San Ignacio en la capilla de La Storta

Mañana, último día del mes de julio, la Iglesia recuerda a san Ignacio de Loyola, el fundador de la Compañía de Jesús. Nuestra tierra está muy unida a su vida y, especialmente, a su conversión y a los inicios de su misión. Sin sus estancias en Montserrat, Manresa y Barcelona no se puede entender la trayectoria biográfica de san Ignacio.Su recuerdo se me hizo presente los últimos días de junio pasados en Roma.

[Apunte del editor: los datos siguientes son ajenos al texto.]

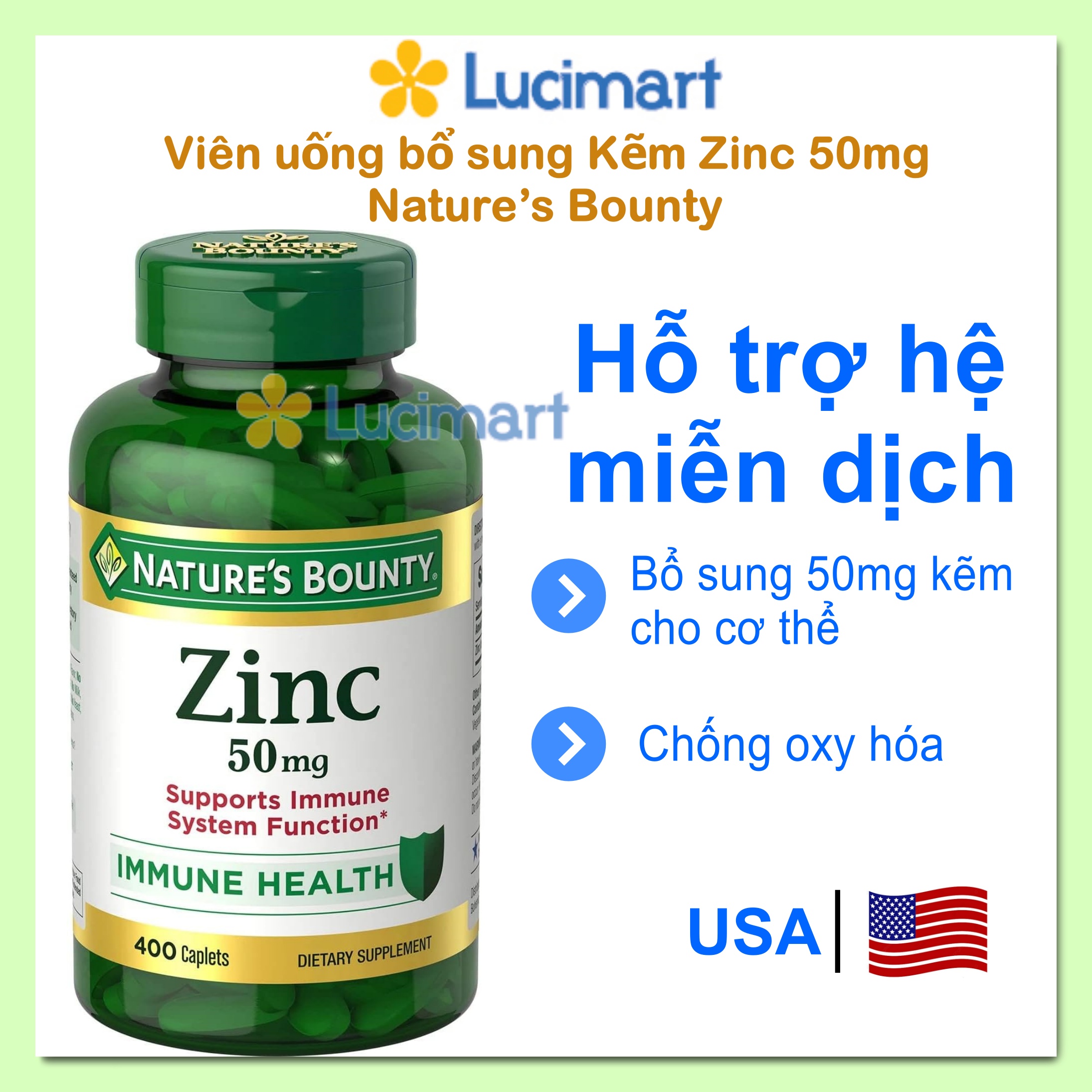 Viên uống bổ sung Kẽm Zinc 50mg Nature’s Bounty hũ 100 viên [Hàng Mỹ]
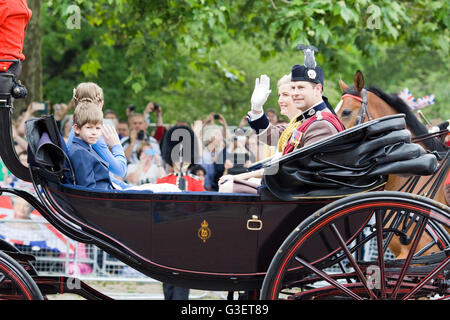 British royal family in carriages traveling down the mall for the trooping the colour Stock Photo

En el consistorio del día 28 de junio para la creación de cinco nuevos cardenales, se me pidió que, al inicio de la ceremonia, en nombre de los cinco, dirigiese unas palabras de agradecimiento al Santo Padre. En esas palabras empecé recordando un hecho y un lugar muy vinculados a la vida de san Ignacio.

Llegando Ignacio a Roma por la Vía Casia, acompañado de Pedro Fabro y Diego Laínez, para ponerse a disposición del papa Pablo III, entró a rezar en una pequeña iglesia, aislada y situada en un lugar donde la famosa vía hace un giro brusco o esvolta, de donde deriva el nombre de dicha ermita, La Storta, la curva. Ignacio, en aquellos inicios inciertos, era sólo un peregrino con algunos compañeros. Sin embargo, allí –la ermita se visita aún hoy y es un lugar espiritual muy querido por los jesuitas- Ignacio tuvo una especial iluminación espiritual y entendió que el Señor le decía: “Yo te seré propicio en Roma”. El padre Laínez, más tarde, recogió el sorprendente comentario que hizo Ignacio buscando comprender aquella comunicación interior: “No sé qué será de nosotros, tal vez seremos crucificados en Roma”.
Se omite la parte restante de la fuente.